::: RECORDS TO USE

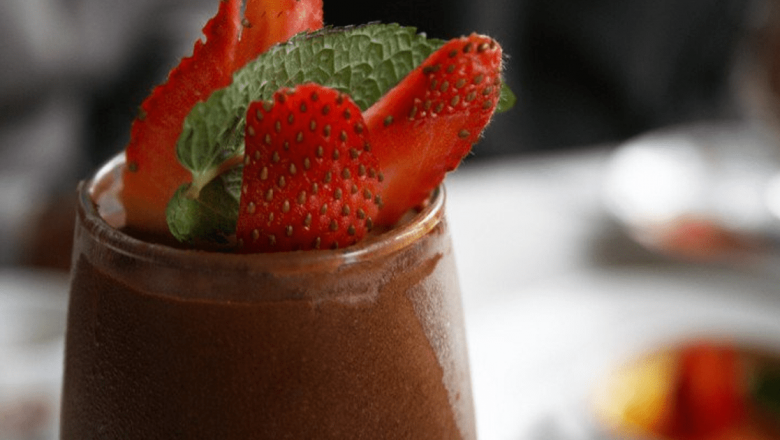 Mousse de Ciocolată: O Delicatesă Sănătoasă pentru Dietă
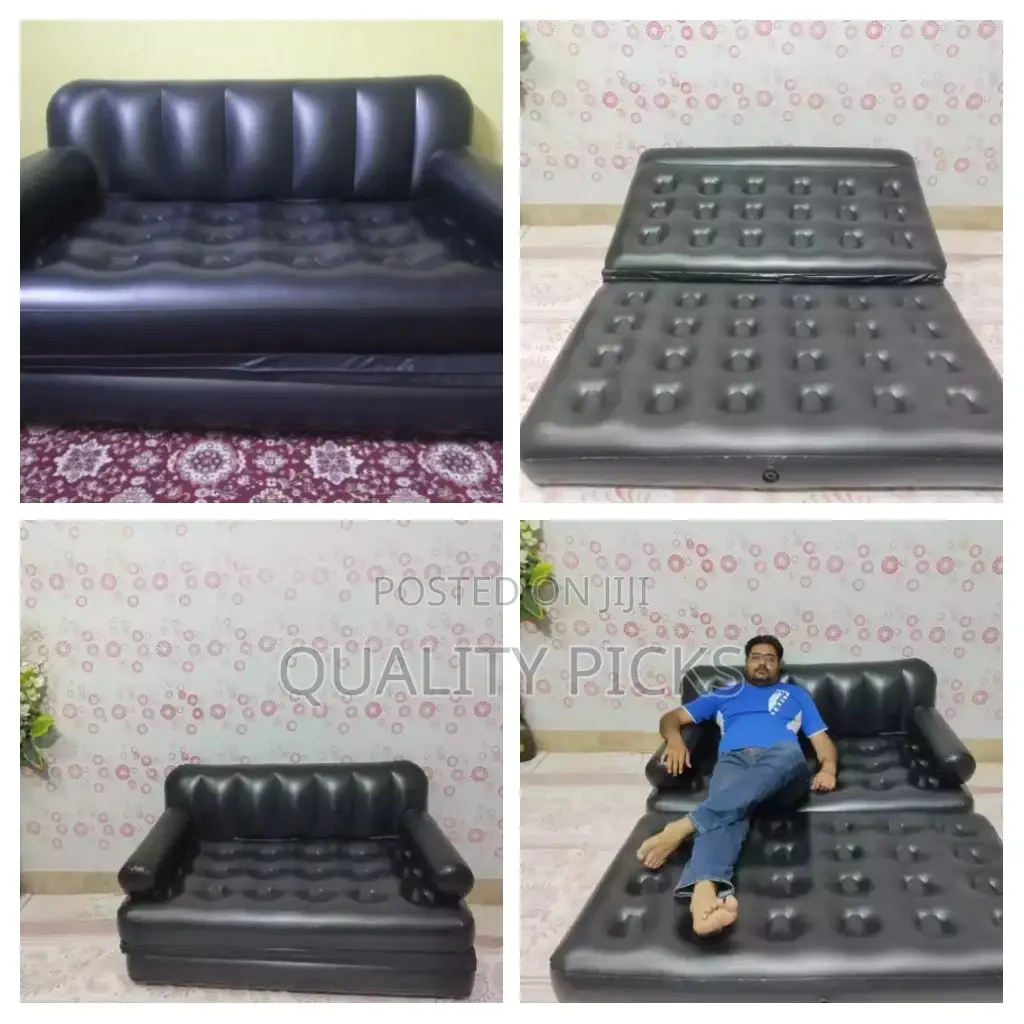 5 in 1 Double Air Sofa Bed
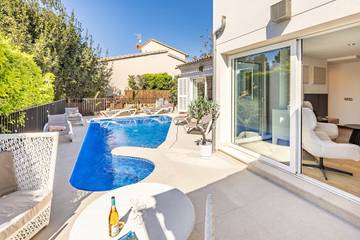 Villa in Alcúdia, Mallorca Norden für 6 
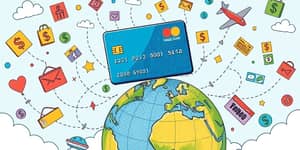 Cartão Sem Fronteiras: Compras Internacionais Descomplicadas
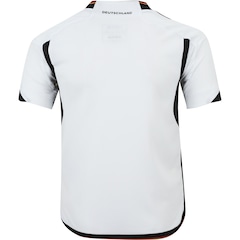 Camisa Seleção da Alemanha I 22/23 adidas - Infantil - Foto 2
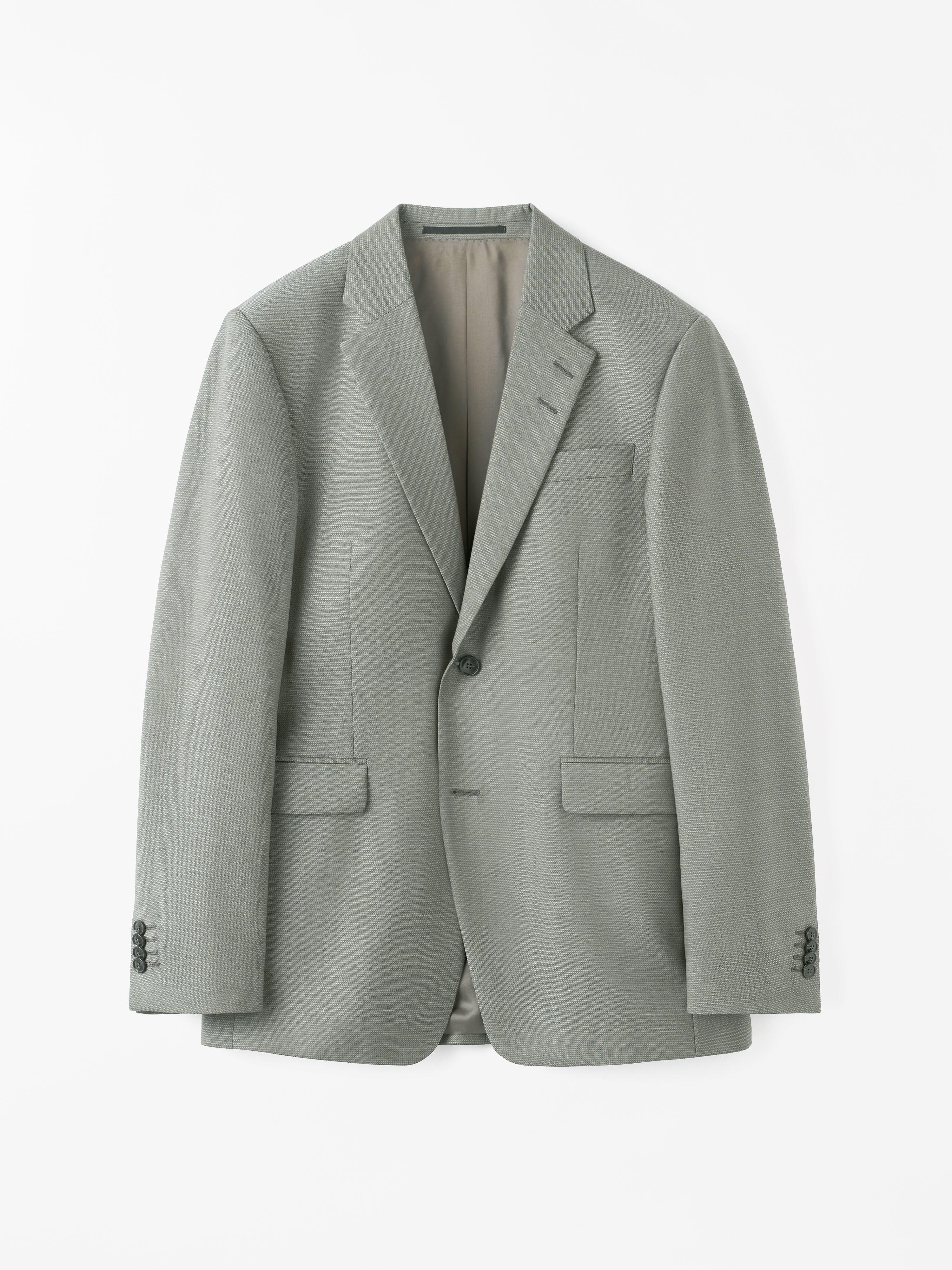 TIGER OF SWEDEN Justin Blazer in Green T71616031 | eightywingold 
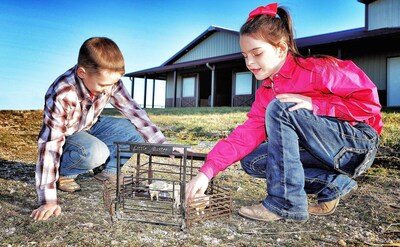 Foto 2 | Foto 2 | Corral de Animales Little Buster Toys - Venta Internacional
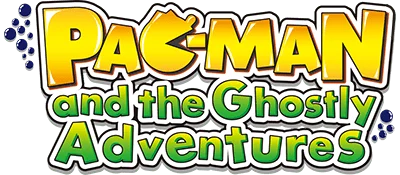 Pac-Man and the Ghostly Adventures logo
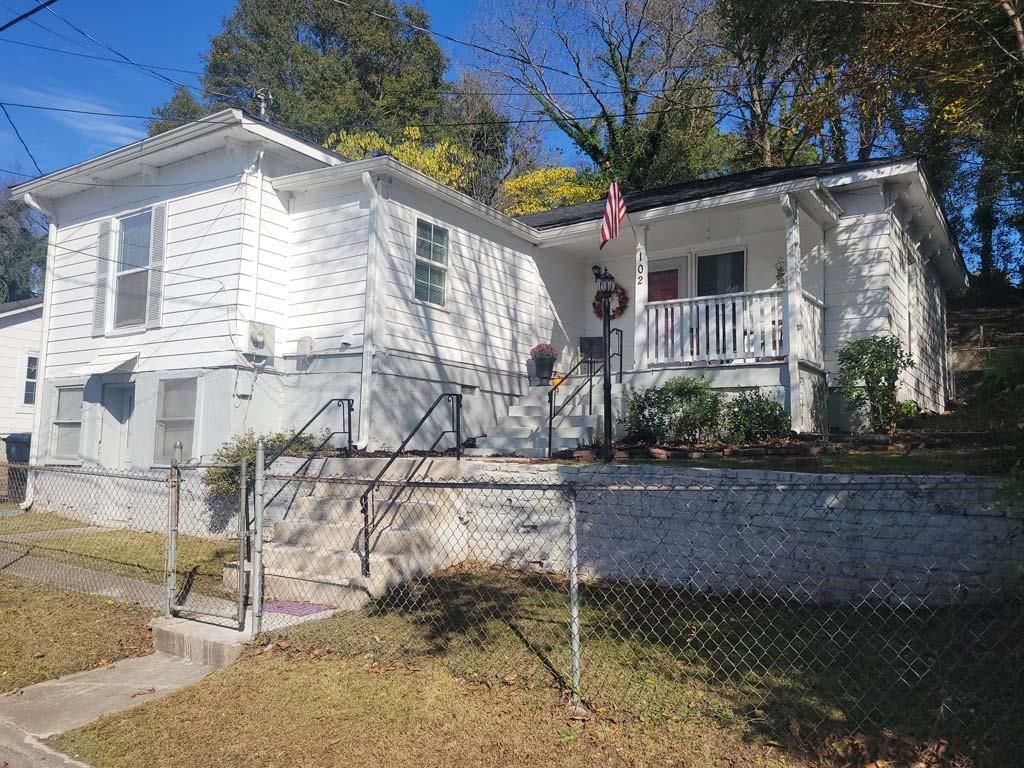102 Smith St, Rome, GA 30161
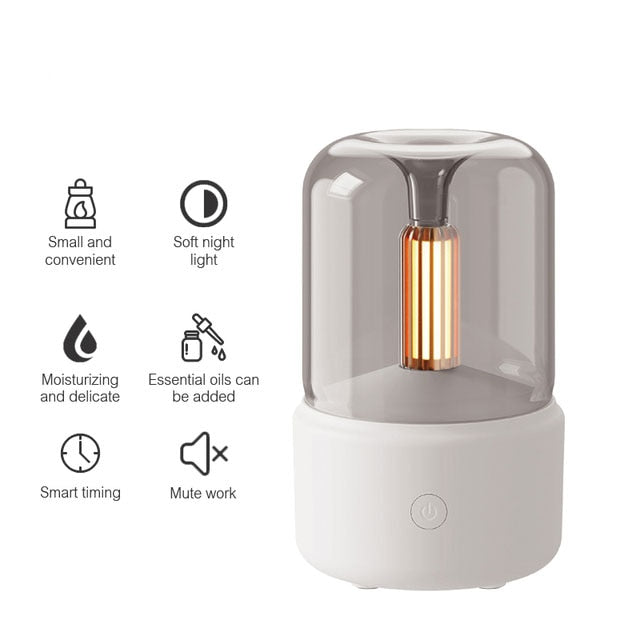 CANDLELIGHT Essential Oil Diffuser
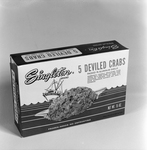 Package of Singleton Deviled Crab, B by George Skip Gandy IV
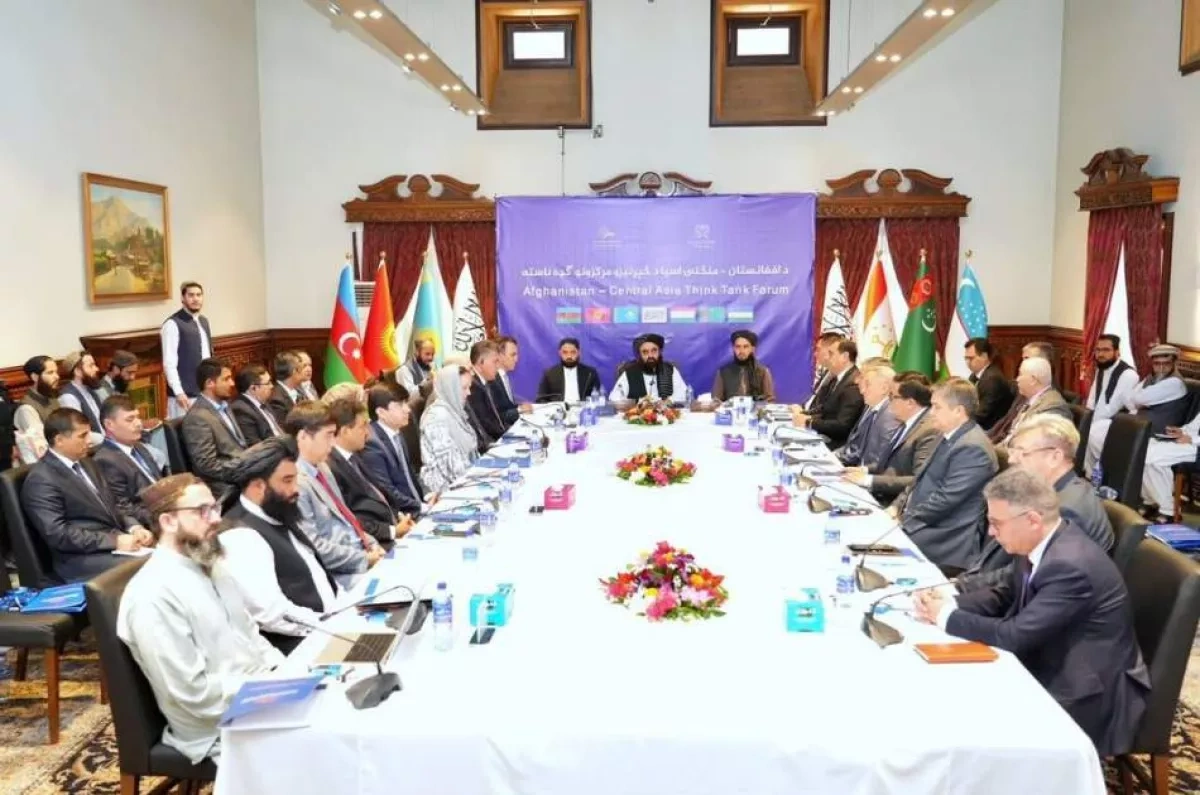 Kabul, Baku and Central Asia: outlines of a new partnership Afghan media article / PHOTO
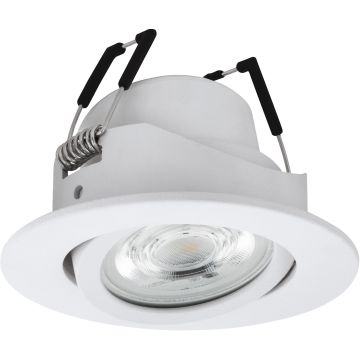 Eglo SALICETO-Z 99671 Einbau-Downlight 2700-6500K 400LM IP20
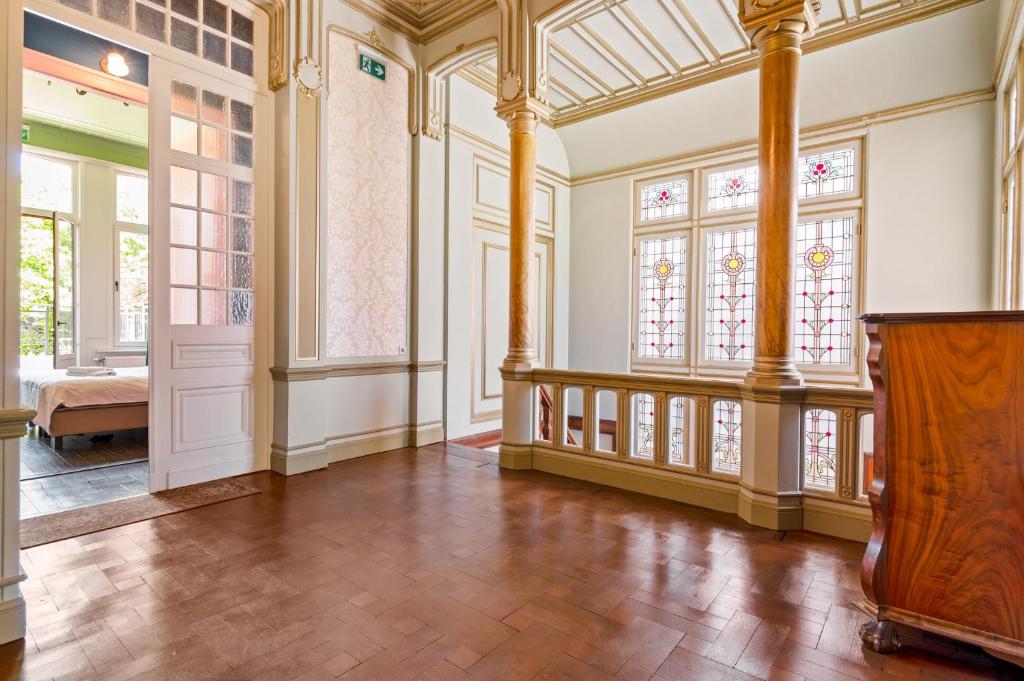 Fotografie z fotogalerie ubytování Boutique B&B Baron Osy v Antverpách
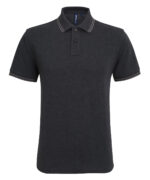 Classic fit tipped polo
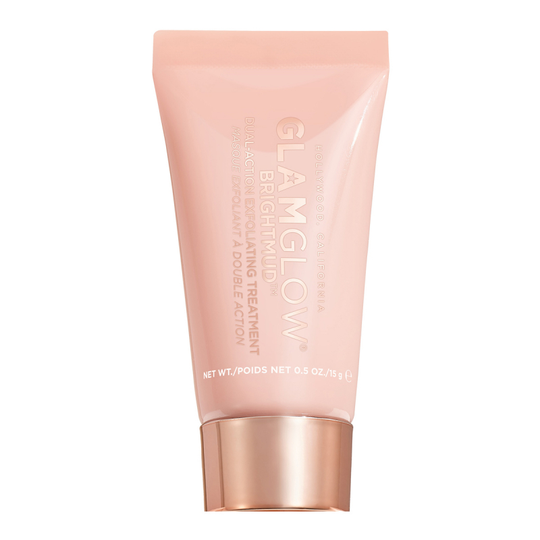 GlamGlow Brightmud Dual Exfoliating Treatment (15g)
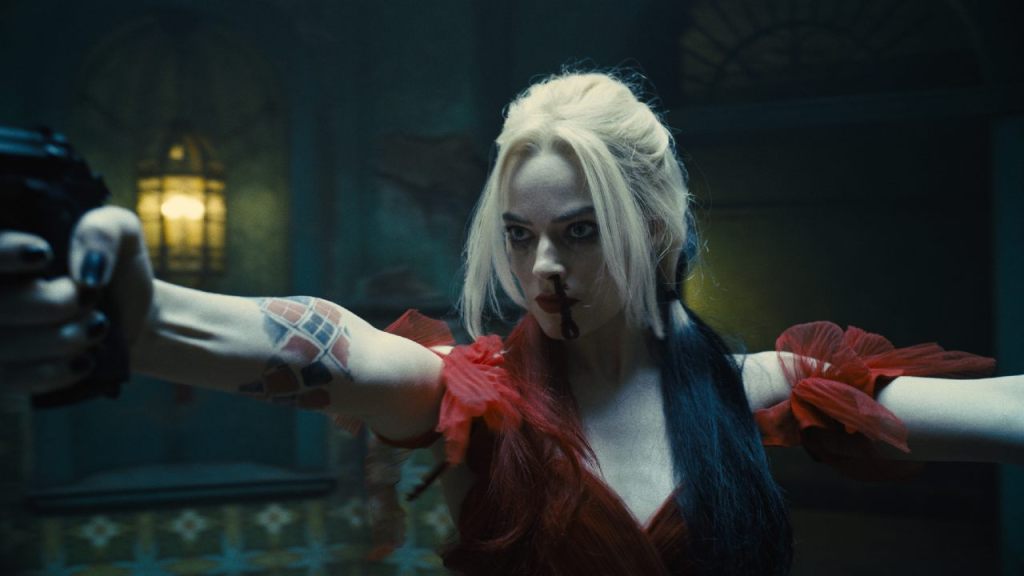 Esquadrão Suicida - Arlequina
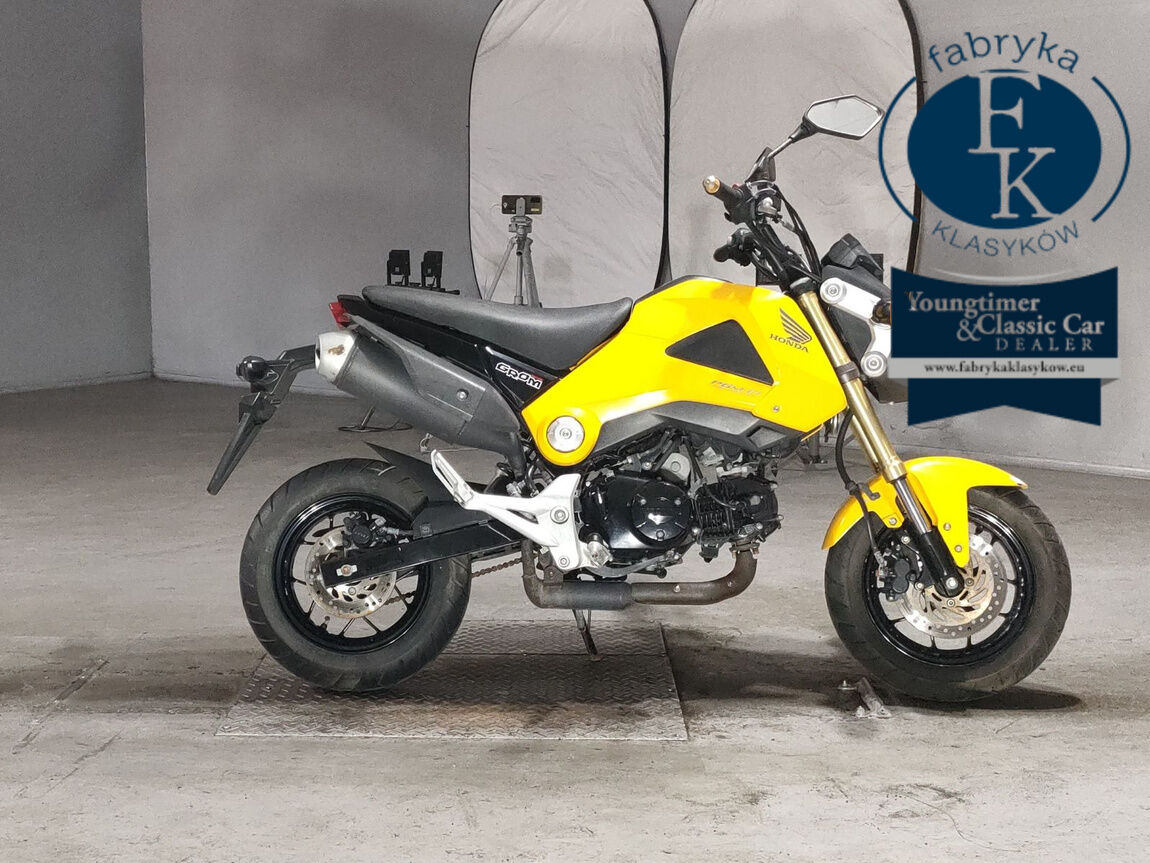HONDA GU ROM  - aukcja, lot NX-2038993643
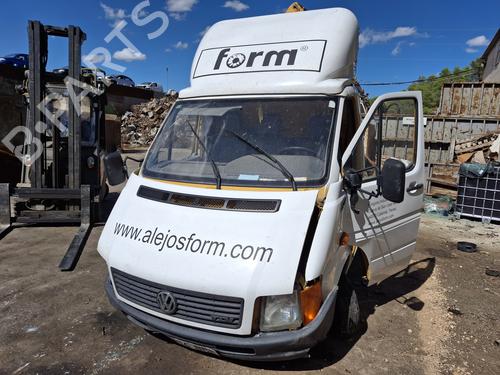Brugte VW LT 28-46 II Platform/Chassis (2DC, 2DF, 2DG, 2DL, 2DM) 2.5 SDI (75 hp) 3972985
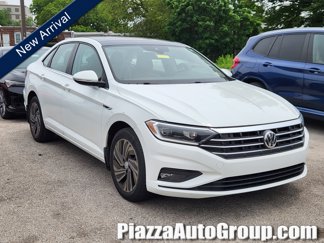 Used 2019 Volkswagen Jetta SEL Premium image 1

::::::

» **TASK TO COMPLETE**
Please repeat every record exactly as it stands, leaving out any pictures.

» **SOLUTION TO THE PROBLEM**
 Mousse de Ciocolată: O Delicatesă Sănătoasă pentru Dietă
 5 in 1 Double Air Sofa Bed
 Villa in Alcúdia, Mallorca Norden für 6 
 Cartão Sem Fronteiras: Compras Internacionais Descomplicadas
 Camisa Seleção da Alemanha I 22/23 adidas - Infantil - Foto 2
 TIGER OF SWEDEN Justin Blazer in Green T71616031 | eightywingold 
 Foto 2 | Foto 2 | Corral de Animales Little Buster Toys - Venta Internacional
 Pac-Man and the Ghostly Adventures logo
102 Smith St, Rome, GA 30161
 CANDLELIGHT Essential Oil Diffuser
 Package of Singleton Deviled Crab, B by George Skip Gandy IV
 Kabul, Baku and Central Asia: outlines of a new partnership Afghan media article / PHOTO
 Eglo SALICETO-Z 99671 Einbau-Downlight 2700-6500K 400LM IP20
 Fotografie z fotogalerie ubytování Boutique B&B Baron Osy v Antverpách
 Classic fit tipped polo
 GlamGlow Brightmud Dual Exfoliating Treatment (15g)
 Esquadrão Suicida - Arlequina
HONDA GU ROM  - aukcja, lot NX-2038993643
Brugte VW LT 28-46 II Platform/Chassis (2DC, 2DF, 2DG, 2DL, 2DM) 2.5 SDI (75 hp) 3972985
 Used 2019 Volkswagen Jetta SEL Premium image 1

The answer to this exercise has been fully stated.